É reconhecida a influência de Debussy e Ravel na música do maestro Antônio Carlos Jobim, que utilizou motivos impressionistas e estruturas harmônicas semelhantes às desses compositores em suas músicas populares como nas eruditas, o caso de A Sinfonia da Alvorada.
Uma das marcas de Tom era a incrível capacidade de dotar de leveza e elegância a complexidade e a densidade elevadas de suas composições.
Admirador e influenciado por Villa Lobos e Ary Barroso, Jobim também estudou de modo aprofundado as obras de eruditos como Radamés Gnatalli e Guerra Peixe.
Tom Jobim, Vinicius e o estilo mais intimista da Bossa Nova abriram espaço para os compositores gravarem seus sucessos de modo frequente, pois tornou-se importante conhecer a carga emocional pensada ou desejada pelos compositores para suas composições.
Aprofundando seus estudos musicais, adquirindo influências de compositores eruditos, principalmente Villa-Lobos e Debussy, Tom Jobim prosseguiu gravando e compondo músicas vocais e instrumentais de rara inspiração, juntando harmonias do jazz , como Stone Flower, e elementos tipicamente brasileiros, fruto de suas pesquisas sobre a cultura brasileira.
É o caso de Matita Perê e Urubu, lançados na década de 1970, que marcam a aliança entre sua sofisticação harmônica e sua qualidade de letrista.
São desses dois discos Águas de Março, Ana Luiza, Lígia, Correnteza, O Boto, Ângela.

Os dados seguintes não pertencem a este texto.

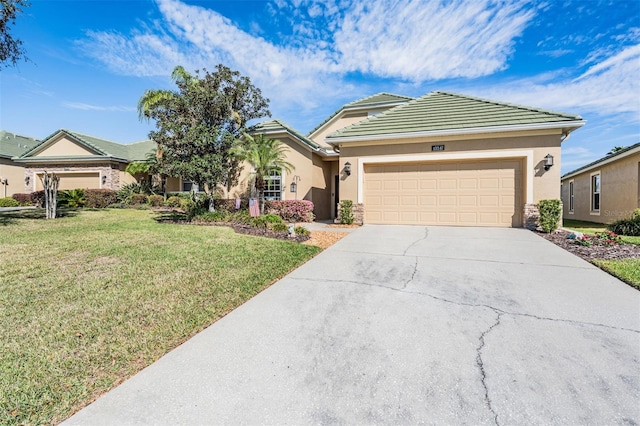 ranch-style home featuring driveway, stucco siding, a front lawn, a garage, and a tile roof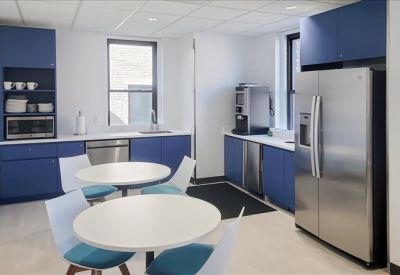 Modern breakroom kitchen with blue cabinetry and stainless steel appliances.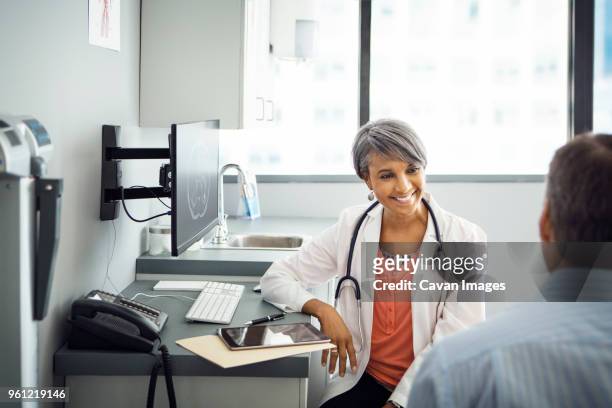 happy female doctor talking to male patient in clinic - adult patient with doctor and stethoscope photos et images de collection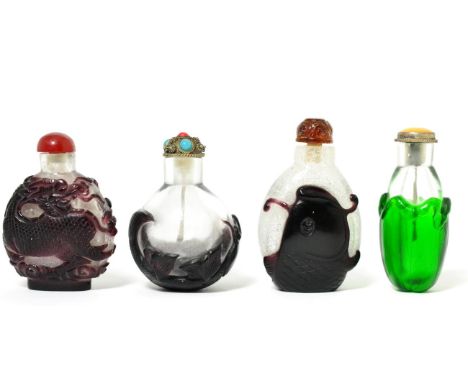 A Chinese Ruby Overlay Glass Snuff Bottle, carved with a carp, the inlaid metal stopper with metal spoon, 6.5cm high; A Simil
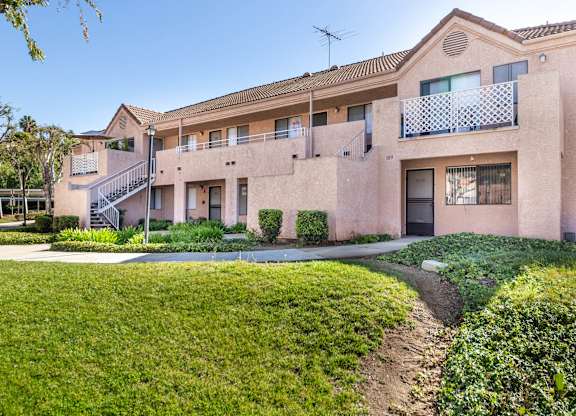 A building with a balcony and a staircase leading to the entrance. at Whispering Fountains Diamond Bar, Diamond Bar, CA 91765
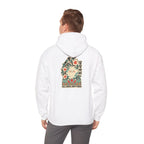 Back view of an off-white hoodie with a large graphic print, worn by a man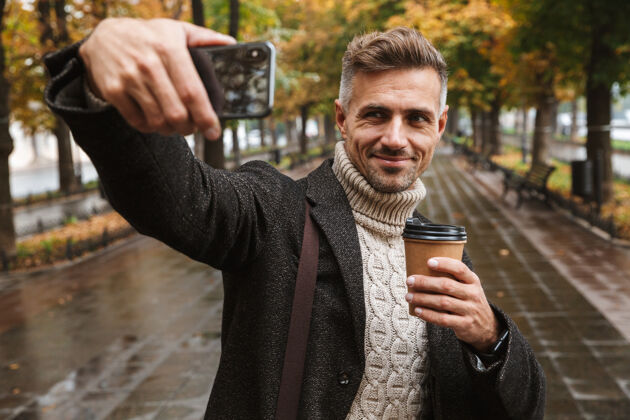 胡须30多岁的成熟男人穿着暖和的衣服在户外穿过秋园 用手机自拍的照片成人肌肉白种人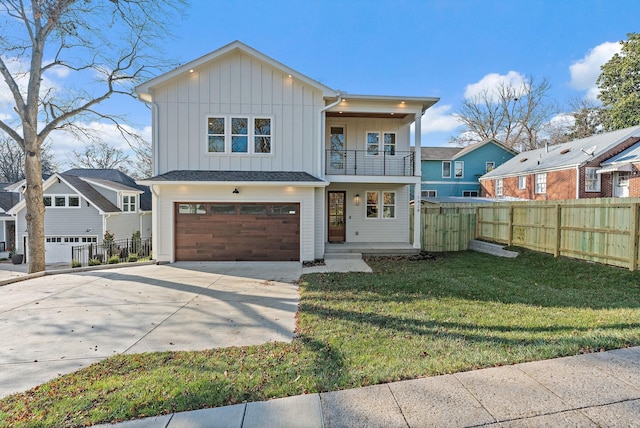 view of front of home with a balcony, a garage, and a front lawn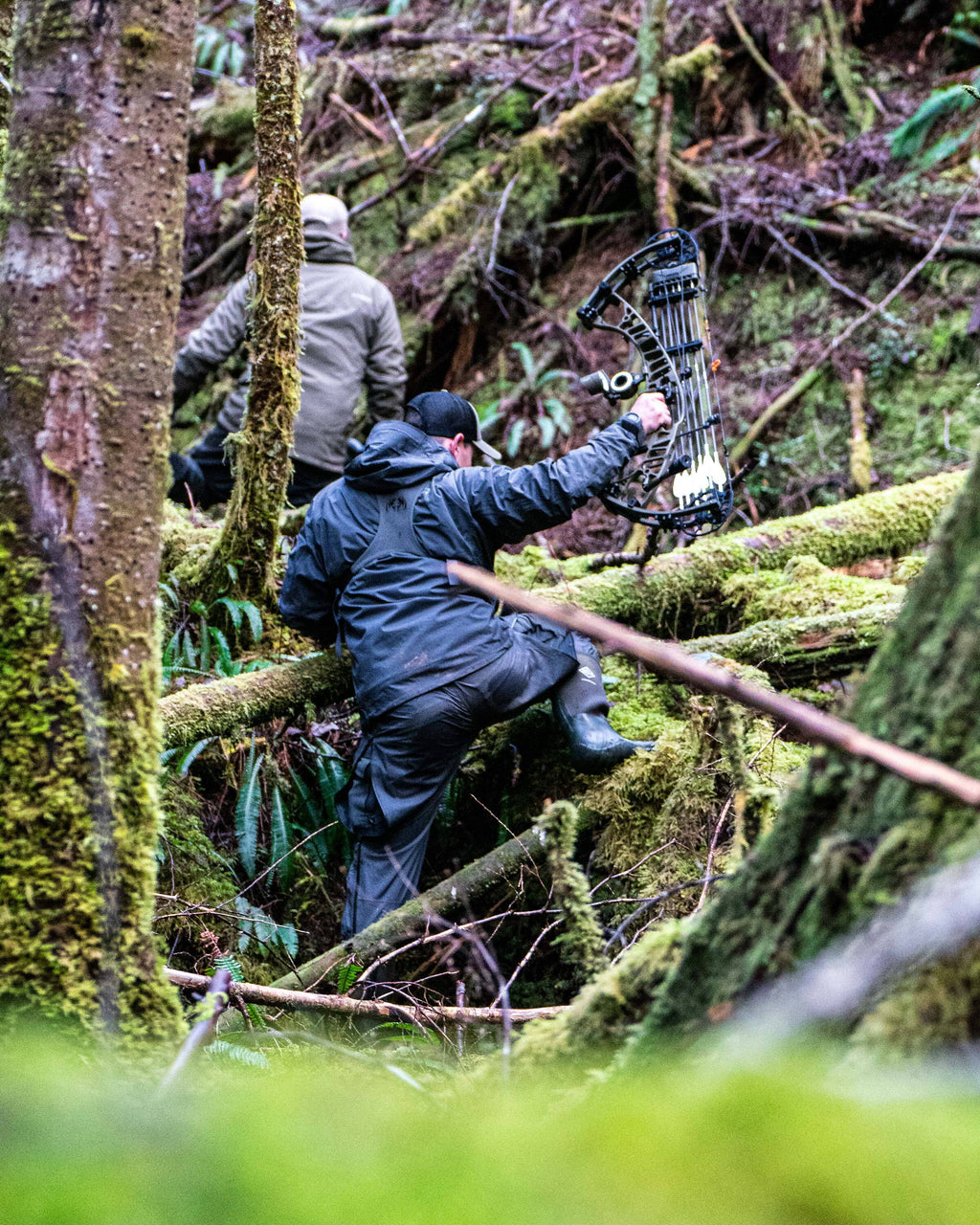 Hunters hiking through a deep forest covered in moss, wearing Northridge Rain Jacket and Pant in Gunmetal Grey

Também nessa época gravou discos com outros artistas, como Elis & Tom, com Elis Regina, Miúcha e Tom Jobim e Edu e Tom, com Edu Lobo.

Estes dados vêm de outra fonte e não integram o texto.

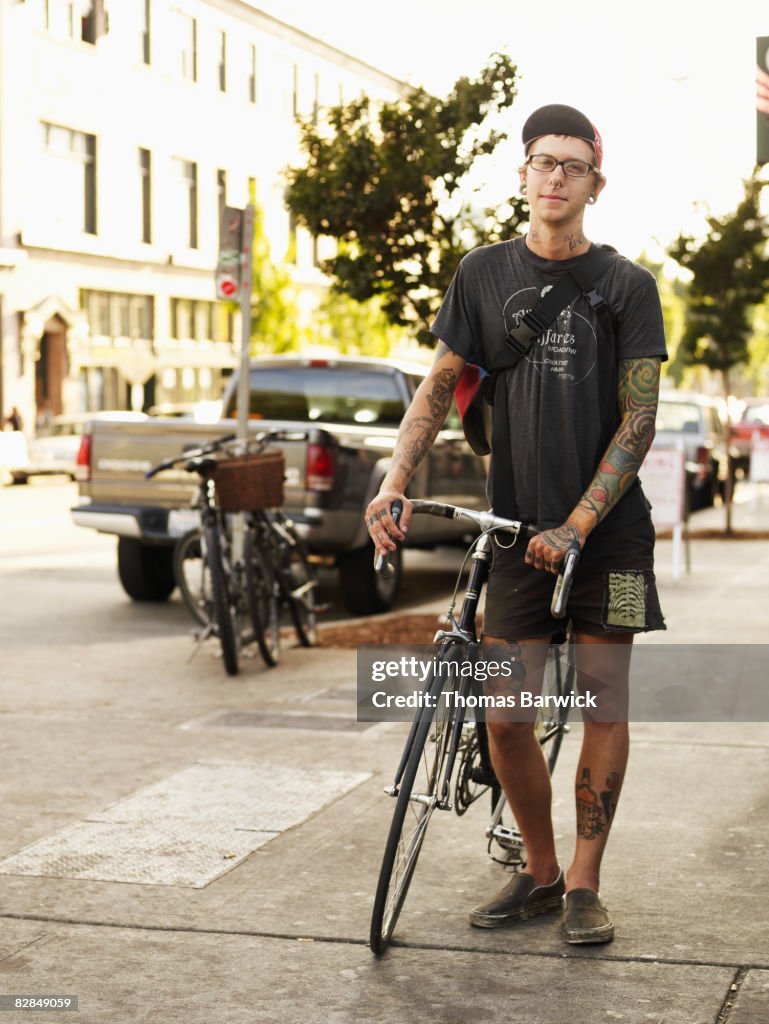 Man standing on sidewalk with bike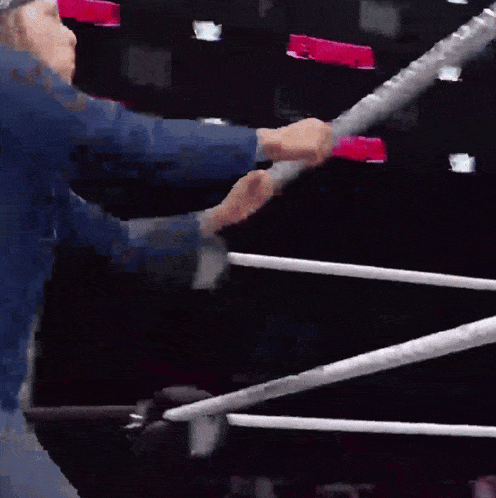 a man in a blue shirt is standing in a wrestling ring with a microphone in his hand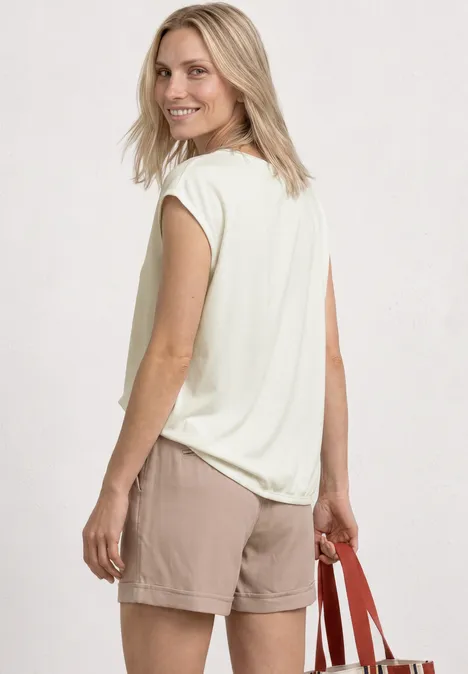 Frau von hinten in beigem Shirt und Shorts, trägt rote Tasche.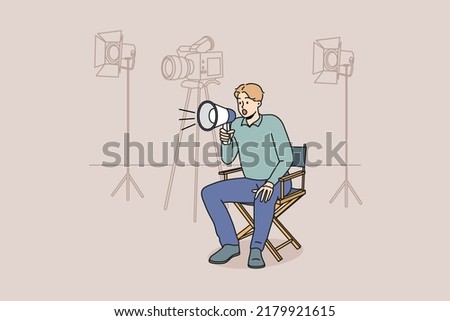 Film producer sitting on chair screaming in megaphone at shooting. Man movie director with loudspeaker manage scene. Vector illustration.  Royalty-Free Stock Photo #2179921615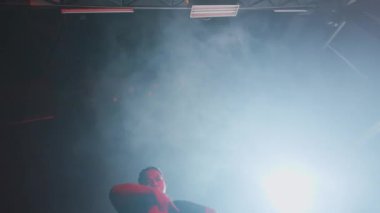 Dramatik ışık ve duman efektleriyle sahnede dans eden bir dansçı, canlı bir atmosfer yaratıyor..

Valendo-se ainda do filão engajado do pós-regime militar, cantou, ainda que com uma participação individual diminuta, no coro da versão brasileira de We are the world, o hit americano que juntou vozes e levantou fundos para a África ou USA for Africa.

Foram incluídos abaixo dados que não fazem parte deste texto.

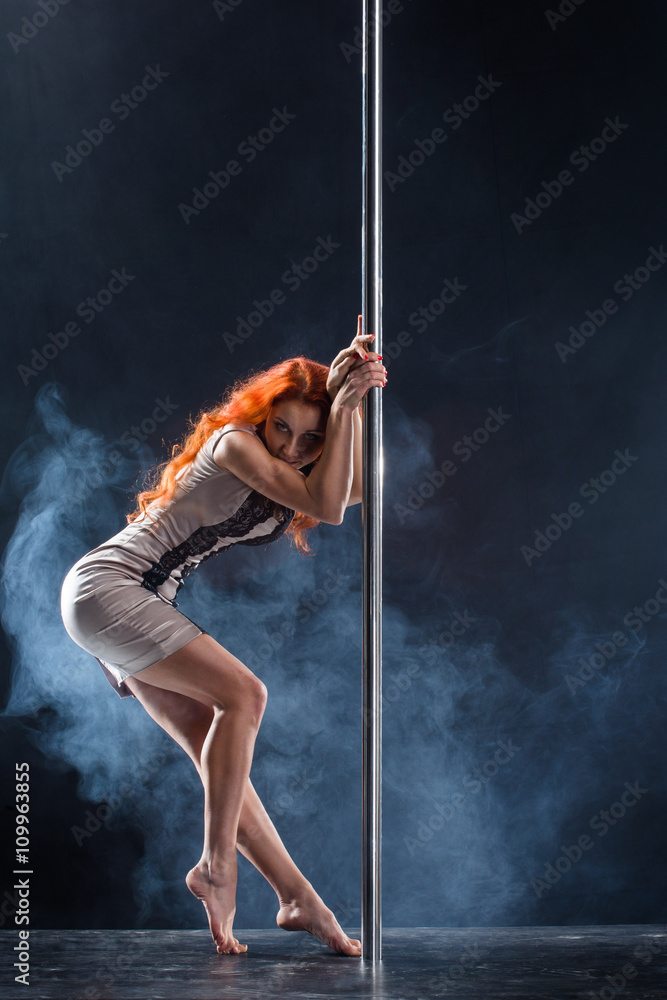 Sport. Pole dancer, woman dancing on pylon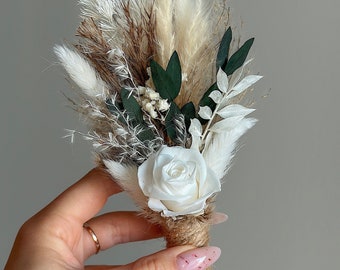 Boho dried flowers groom boutonniere for luxury wedding with natural, white and green rustic preserved flowers and pampas grass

Em 1987, lançou Passarim, obra de um compositor já consagrado, que pode desenvolver seu trabalho sem qualquer receio, acompanhado por uma banda grande, a Banda Nova. Além da faixa-título, Gabriela, Luiza, Chansong, Borzeguim e Anos Dourados (com Chico Buarque) são os destaques.
Em 1992 foi enredo da Escola de Samba Estação Primeira de Mangueira. Seu último álbum, Antônio Brasileiro, foi lançado em 1994, pouco antes da sua morte.
Algumas biografias foram publicadas, entre elas Antônio Carlos Jobim, um Homem Iluminado, de sua irmã Helena Jobim, Antônio Carlos Jobim - Uma Biografia, de Sérgio Cabral, Tons sobre Tom, de Márcia Cezimbra, Tárik de Souza e Tessy Callado, e Tom Jobim - Histórias de Canções, de Wagner Homem e Luiz Roberto Oliveira.
Antônio Carlos Jobim era doutor honoris causa pela Universidade Nova de Lisboa / Faculdade de Ciências Sociais e Humanas, de 1991.
O Aeroporto Internacional do Rio de Janeiro foi renomeado Aeroporto Internacional do Rio de Janeiro/Galeão - Antônio Carlos Jobim junto ao Congresso Nacional por uma comissão de notáveis, formada por Chico Buarque, Oscar Niemeyer, João Ubaldo Ribeiro, Antônio Cândido, Antônio Houaiss e Edu Lobo, criada e pessoalmente coordenada pelo crítico Ricardo Cravo Albin.
Grandes nomes da música internacional tocaram e cantaram as músicas de Tom Jobim, como Stan Getz, Dizzy Gillespie, Ella Fitzgerald, Count Basie, Oscar Peterson, Sarah Vaughan, além de Frank Sinatra.
Essa admiração fez com que Tom Jobim fosse chamado por músicos do jazz de o George Gershwin do Brasil, uma grande honraria.
Com a obra de Antônio Carlos Jobim, a música brasileira experimentou uma projeção internacional inédita, rigorosamente sem precedentes e definitiva. Até o movimento da Bossa Nova, a presença brasileira, ainda que marcada pela excelência, como nas obras de Ary Barroso, Dorival Caymmi, Zequinha de Abreu e Waldir Azevedo, era eventual; com Jobim, contudo, ela se tornou permanente, estrutural e influenciou a produção posterior.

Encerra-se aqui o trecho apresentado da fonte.